# Provided data
*** Begin section ***

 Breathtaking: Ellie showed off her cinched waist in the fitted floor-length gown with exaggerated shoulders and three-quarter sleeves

*** End section ***
*** Begin section ***

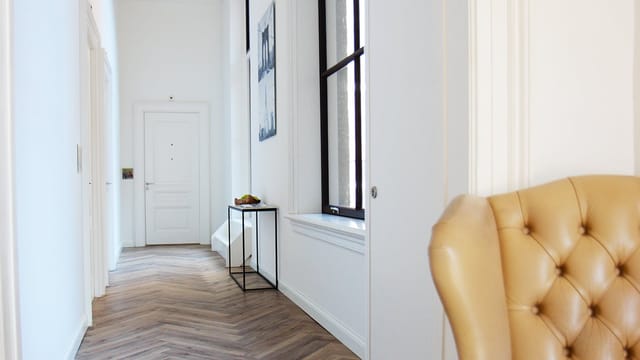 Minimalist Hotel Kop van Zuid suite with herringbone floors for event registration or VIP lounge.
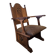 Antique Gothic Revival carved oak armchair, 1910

*** End section ***

# What the task asks
Repeat, word for word, the lines of the material above from the one holding "Minimalist Hotel Kop" through the one holding "Antique Gothic Revival". Leave out pictures.

# Response
 Minimalist Hotel Kop van Zuid suite with herringbone floors for event registration or VIP lounge.
 Antique Gothic Revival carved oak armchair, 1910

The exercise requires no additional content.